Really, is it *harder* to believe that a bunch of zealot cultists stole the body of their dead leader than that it rose from the grave? I think the explanation is obvious. This explanation also has some rather huge straw men, as Christianity does not contain the world's highest moral standards. Christianity also didn't help transform the moral structure of society. In fact, the time when Christianity ruled Europe is known as the Dark Ages. It is responsible for the witchcraft trials, the crusades, etc.
Mulu wrote:The evidence that the disciples stole the body of christ is its absence from the tomb.... No more evidence is needed to conclude that they were, "frauds, liars, and hypocrites," just like many christian leaders today. Seriously, if we were talking about *anybody else's* body, would you think it had risen to heaven or been stolen?

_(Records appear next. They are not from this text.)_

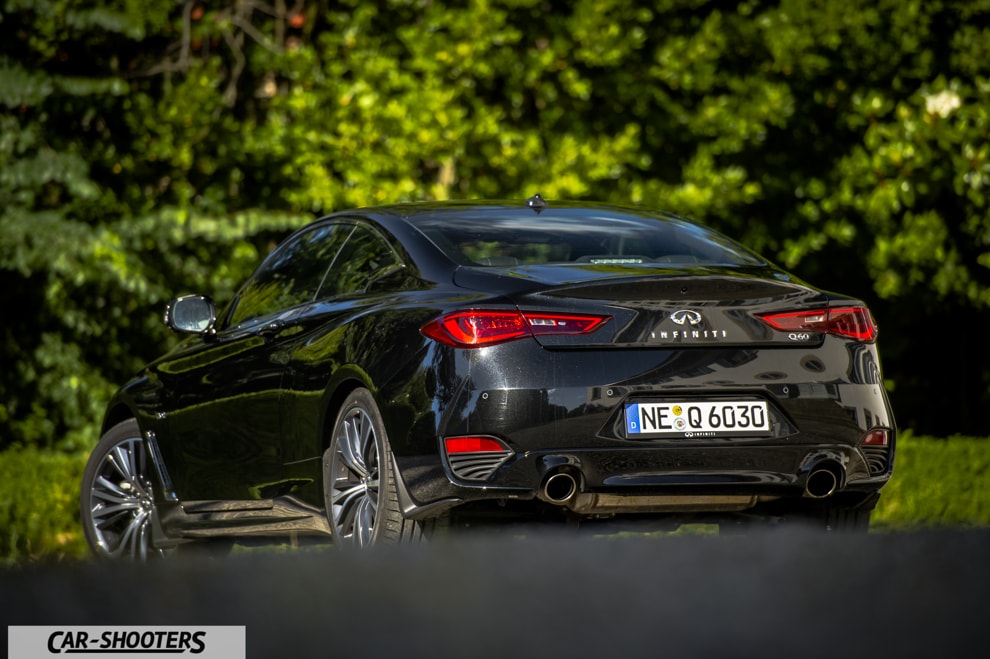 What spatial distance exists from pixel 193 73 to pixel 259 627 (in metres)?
15.1

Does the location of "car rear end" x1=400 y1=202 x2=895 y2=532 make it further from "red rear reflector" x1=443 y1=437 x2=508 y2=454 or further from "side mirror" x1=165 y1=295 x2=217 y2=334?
"side mirror" x1=165 y1=295 x2=217 y2=334

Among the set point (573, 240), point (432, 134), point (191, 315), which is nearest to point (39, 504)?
point (191, 315)

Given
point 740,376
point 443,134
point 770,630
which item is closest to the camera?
point 770,630

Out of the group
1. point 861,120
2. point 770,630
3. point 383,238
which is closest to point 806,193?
point 861,120

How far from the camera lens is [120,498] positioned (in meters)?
8.02

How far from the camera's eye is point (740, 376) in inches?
224

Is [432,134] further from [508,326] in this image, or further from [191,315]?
[508,326]

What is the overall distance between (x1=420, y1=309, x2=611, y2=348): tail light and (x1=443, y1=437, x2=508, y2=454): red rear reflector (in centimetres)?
29

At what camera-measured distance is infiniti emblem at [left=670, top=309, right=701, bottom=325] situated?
18.6 feet

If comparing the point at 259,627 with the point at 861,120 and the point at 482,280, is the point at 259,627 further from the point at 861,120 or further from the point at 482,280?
the point at 861,120

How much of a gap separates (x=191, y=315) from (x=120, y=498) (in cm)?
102

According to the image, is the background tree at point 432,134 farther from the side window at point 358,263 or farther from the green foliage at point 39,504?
the side window at point 358,263

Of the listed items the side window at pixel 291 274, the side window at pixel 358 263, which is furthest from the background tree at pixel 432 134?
the side window at pixel 358 263

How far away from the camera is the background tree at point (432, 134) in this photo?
17406mm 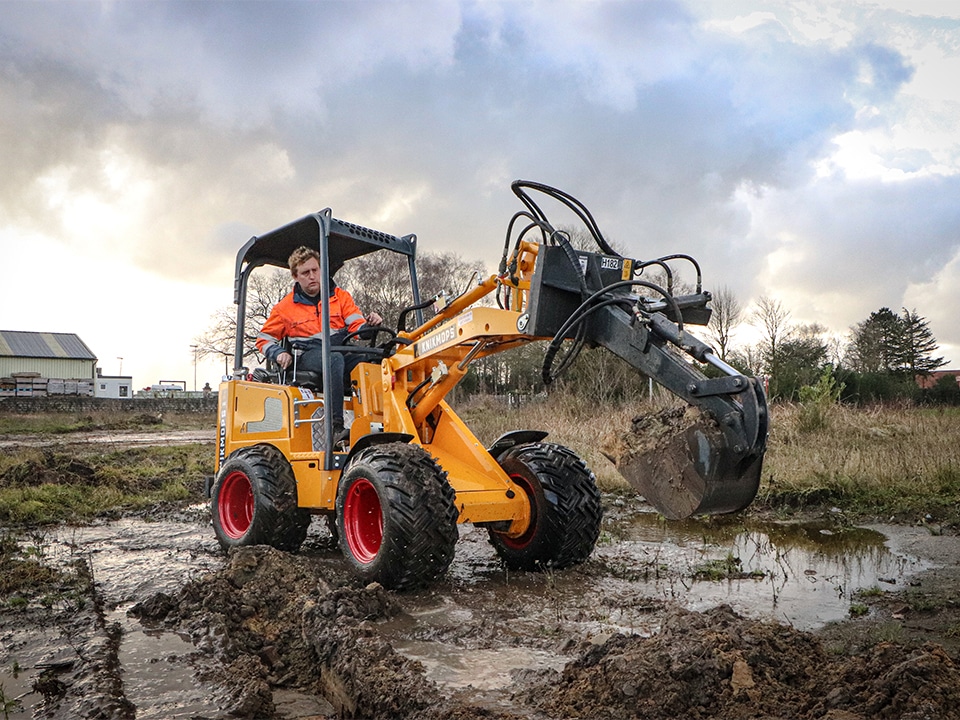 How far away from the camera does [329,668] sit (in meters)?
3.61

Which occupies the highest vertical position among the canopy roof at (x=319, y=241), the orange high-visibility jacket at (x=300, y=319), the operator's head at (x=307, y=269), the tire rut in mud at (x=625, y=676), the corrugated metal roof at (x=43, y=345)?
the corrugated metal roof at (x=43, y=345)

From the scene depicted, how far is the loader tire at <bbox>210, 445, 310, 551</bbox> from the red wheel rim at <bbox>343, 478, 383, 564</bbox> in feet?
2.91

Blaise Pascal wrote, "The apostles were either deceived or deceivers. Either supposition is difficult, for it is not possible to imagine that a man has risen from the dead. While Jesus was with them, he could sustain them; but afterwards, if he did not appear to them, who did make them act? The hypothesis that the Apostles were knaves is quite absurd. Follow it out to the end, and imagine these twelve men meeting after Jesus' death and conspiring to say that he has risen from the dead. This means attacking all the powers that be. The human heart is singularly susceptible to fickleness, to change, to promises, to bribery. One of them had only to deny his story under these inducements, or still more because of possible imprisonment, tortures and death, and they would all have been lost. Follow that out."NickD wrote:as an alternative answer to how his body disappeared... perhaps it didn't? Perhaps 5 years later people just started saying it did. Considering nobody knows where his tomb is supposed to be anymore, and it was a lot harder to get around back then, so people would be a lot less likely to check out the claims anyway, it's not a hard rumour to get going.
The kicker is that no one ever confessed (freely, or under pressure from bribe or torture) that the resurrection was a lie, a deliberate deception. Even when citizens broke under torture, denied Christ and worshiped Caesar, they never let that cat out of the bag, never revealed that the resurrection was their conspiracy. For that cat was never in the bag. No Christians believed the resurrection was a conspiracy; if they had, they wouldn't have become Christians. Thousands of people do not die for what they know to be a lie.
Furthermore, there was no motive for such a lie. Lies are always told for some selfish advantage. What advantage did the "conspirators" derive from their "lie" ? They were scorned, imprisoned, enslaved, tortured, exiled, crucified, boiled alive, burned alive, beheaded, disemboweled, and/or fed to lions in the Colosseum.....hardly a list of perks.
If the resurrection was a lie, the Jewish authorities would have produced the corpse and put a swift end to the movement (which was the desired effect of the crucifixion in the first place). All they had to do was go to the tomb and get it. The Roman soldiers and their leaders were on their side, not the disciples'. And if the Jews couldn't get the body because the disciples stole it, how was that possible? Unarmed peasants could not have overpowered Roman soldiers or rolled away a great stone "while they slept on duty". The story the Jewish authorities spread, that the guards fell asleep and the disciples stole the body, is unbelievable. Roman guards would not fall asleep on such a duty; if they did, they'd be killed by their superiors having failed so simple a task. And even if they did fall asleep, the crowd and the effort and the noise it would have taken to move a boulder covering the tomb's entrance would have woken them up.
If there had been a conspiracy, it would have been revealed by the faith's many enemies who had both the interest and the power to expose any fraud.